These restrictions motivate thinning methods, which have the goal to reduce the large satellite data sets and to retrieve the essential information content of the data for optimal use in data assimilation. In this work we devise two algorithms that are inspired by data simplification methods in vector quantization and computer graphics.
In the first thinning method, we follow the concept of data clustering, which was developed to partition a given data set into a number of groups (clusters), each of which contains data elements that are similar with respect to some distance measure. Each cluster contains a representative element, which serves as approximation of all elements in the cluster. Our method starts by assigning the complete data set to one cluster, which is then hierarchically split until all clusters satisfy an accuracy constraint. This procedure is completed by so-called Lloyd-iterations, in which cluster centers are reassigned in order to improve the approximation quality.
The second thinning method is based on an estimation filter, which approximates measurement values by a continuous estimation function. We compute the normalized weighted sum of observations in a local neighborhood of a given location to estimate an observation at this location. Our method aims at finding a minimum of a global error function, which is defined by averaging the squared differences of the estimation function with respect to the full data set and the simplified one. This estimation function is used to define a redundancy measure for observational data. If replacing an observation by its local estimation leads to a sufficiently small change in the estimation function, the observation is supposed to be redundant.
In this work, we describe the positive performance and accuracy effects achieved by modifying the former implementation of the EEA algorithm , where we evaluated the estimation function at the observation locations and iteratively removed the observation leading to the least degradation in global estimation error until a certain number of retained observations was reached. Although this EEA implementation caused a slight improvement in scores of 27 subsequent forecasts with the global GME model compared to the operational thinning method, i.e. selecting every third point in zonal and meridional direction, the approach was suboptimal with respect to computing time and accuracy of the estimation function. Therefore, we extend the EEA concept in the present work by introducing new variants of implementations, which differ in methodological and performance aspects and improve the traditional approach. In the Grid-EEA algorithm, we propose to employ a regular grid on the globe to evaluate the estimation function. This approach is motivated by the fact that in most cases, the observations are distributed non-uniformly. The traditional EEA algorithm is based on evaluation of squared error differences at the positions of the observations of the original data set, which consequently leads to an over estimation of the error function in regions with increased data density. We apply the grid of the GME (global model) of the German Weather Service DWD which provides a near-uniform discretization of the sphere. Depending on the grid resolution, the Grid-EEA algorithm provides thinnings of varying accuracy at different run times.
While the EEA algorithm adopts the concept of iterative point removal, we propose another EEA concept, in which the observations are iteratively inserted, starting with the empty set. This approach is preferable in settings where only a small part of the original data set is retained, i.e. 10%, as it is the case with the satellite soundings in the assimilation process at the DWD. For these thinnings, the resulting number of insertion operations is consequently much smaller than the number of observation removal steps in the traditional EEA method, which makes the method faster and less sensitive to unavoidable inaccuracies, caused by each step. We show that this results in an improved accuracy compared to the approach of point removal when the number of retained observations is sufficiently small.

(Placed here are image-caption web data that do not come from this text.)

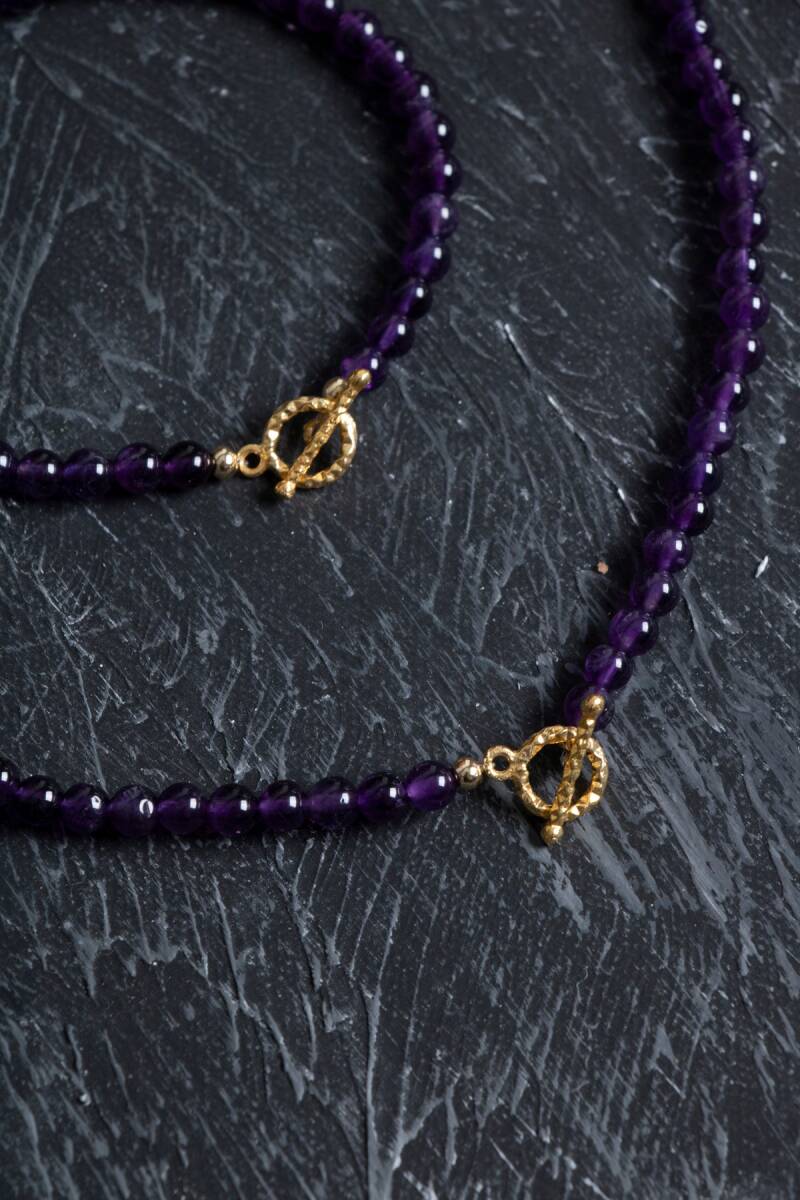 Sertifikalı Ametist Altın Kaplama Gümüş Aparat Doğal Taş Set - 2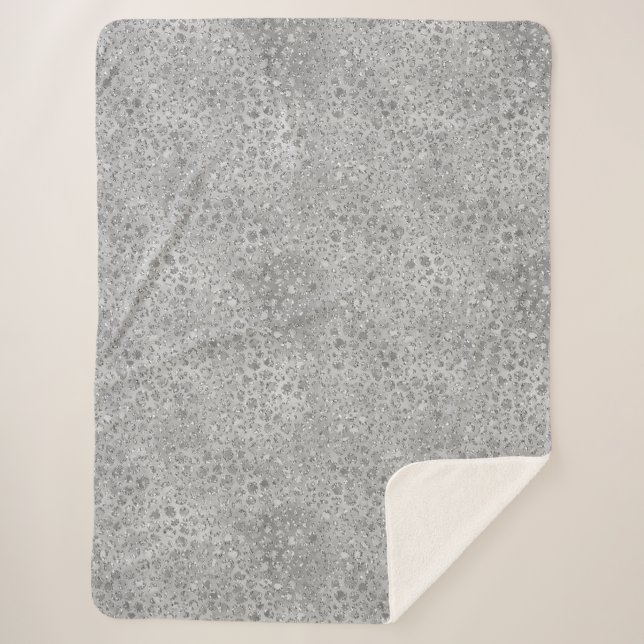 Silver Leopard Gray   Sherpa Blanket (Front)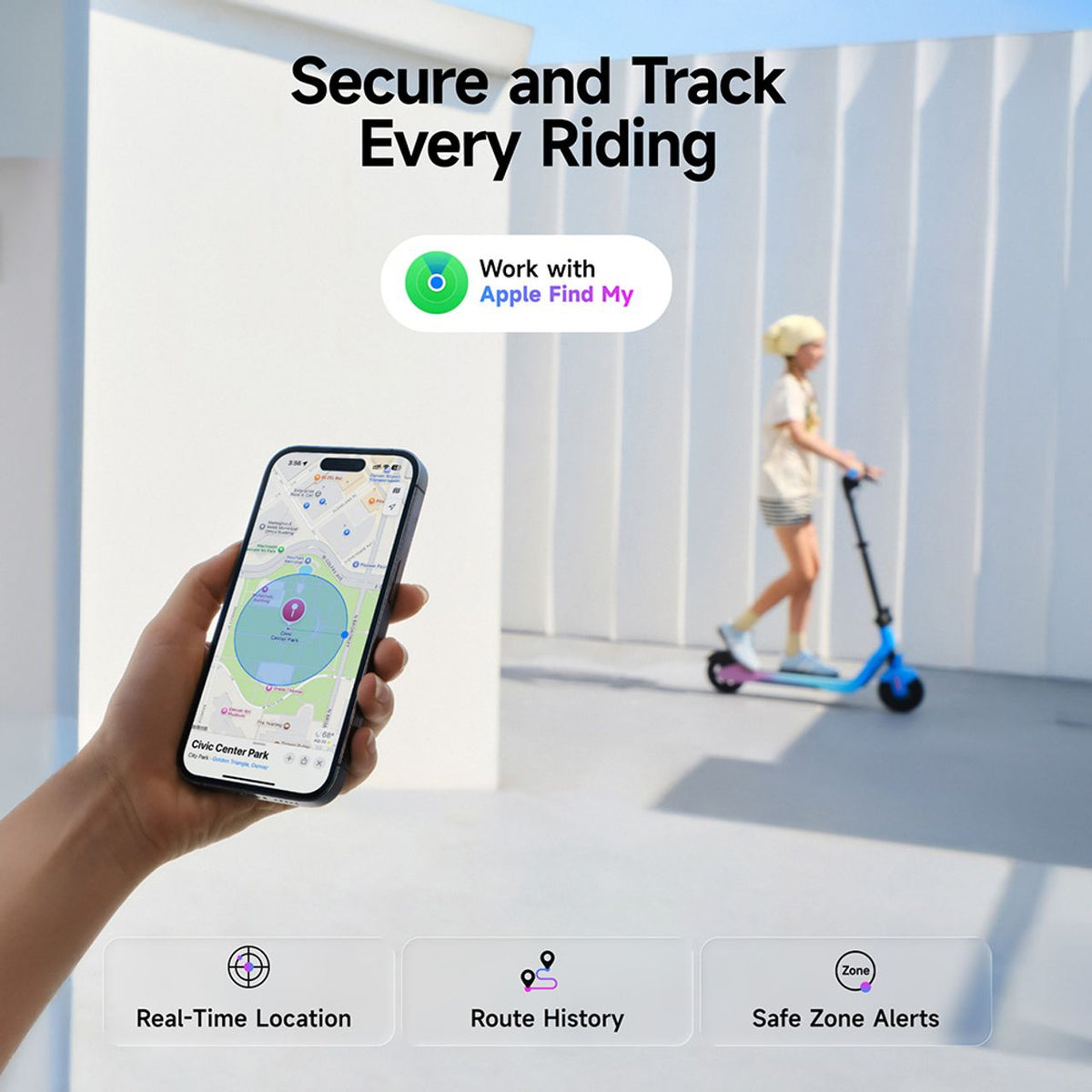 Navee Electric Scooter - annotation - tracker shot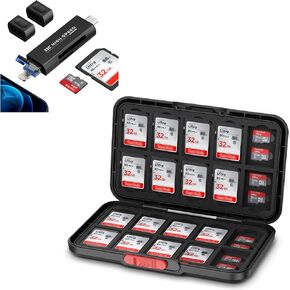 Memory Card Case + SD Card Reader：Pop Up Style Memory Card Case with SD Card Reader for iPhone/ipad/MacBook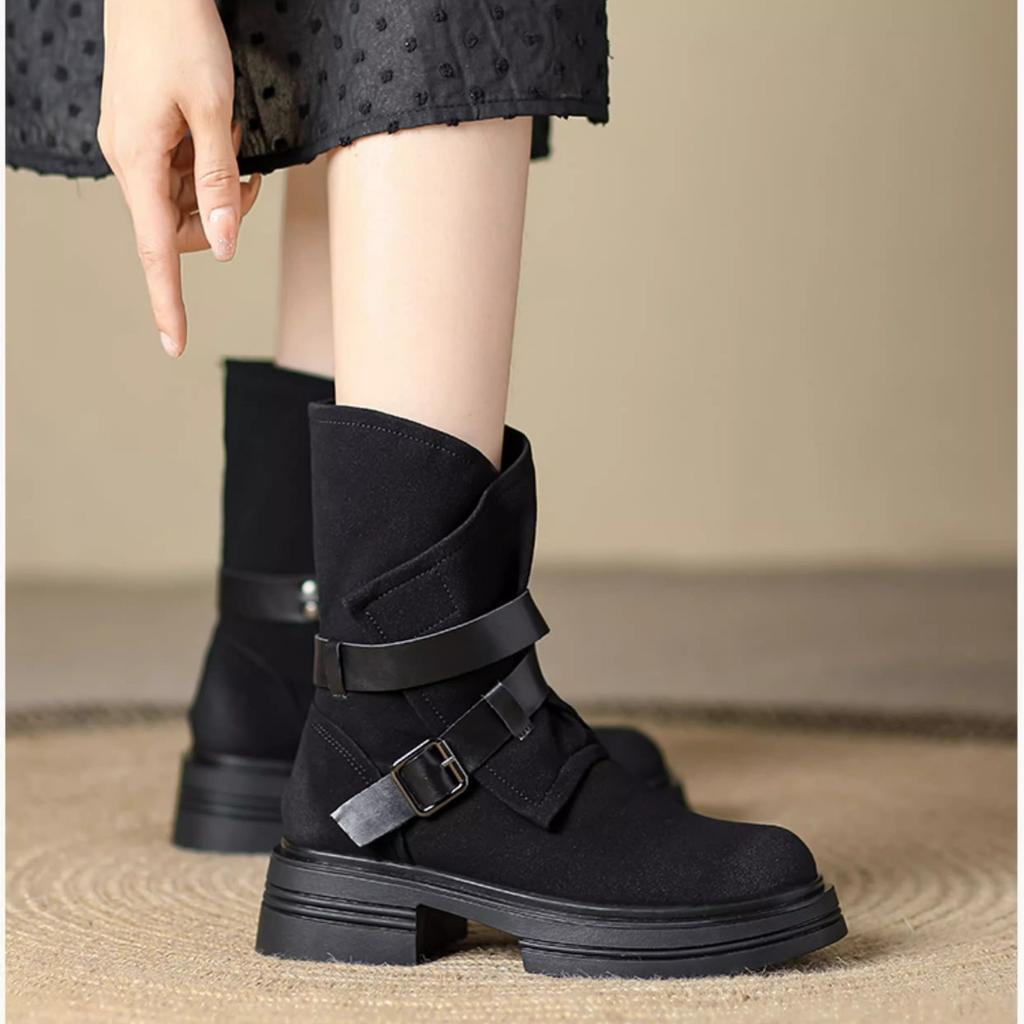 Short Boots 2025 Autumn and Winter New Leather Retro Platform Brown Western Cowboy Boots Medium Boots Retro Women's Martin Boots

We finally focus on the problem of efficient implementation of the methods. The proposed EEA variants rely on iterative removal or insertion of observations, whereby each step leads to an increase or decrease of the global estimation error. We propose to organize all candidates for observation removal or insertion operations in efficient data structures, such as priority queues, which allow sorting the observations according to their redundancy degree. The removal or insertion of an observation corresponds to removing one element from the queue, followed by an updating procedure, in which the correct ordering of the observations is restored. This is mandatory since observations in a local neighborhood are affected by each single observation removal/insertion step. We propose two variants of this updating procedure and compare them with respect to accuracy and computational complexity. One of the updating variants leads to a significant speed-up, e.g., a data set of about 10^5 observations is processed in only four seconds compared to two minutes for the traditional approach , while the loss in accuracy is negligible.
 Ochotta, T., Gebhardt, C., Saupe, D., Wergen, W., Adaptive thinning of atmospheric observations in data assimilation with vector quantization and filtering methods, QJ of R. Met. Soc., in press.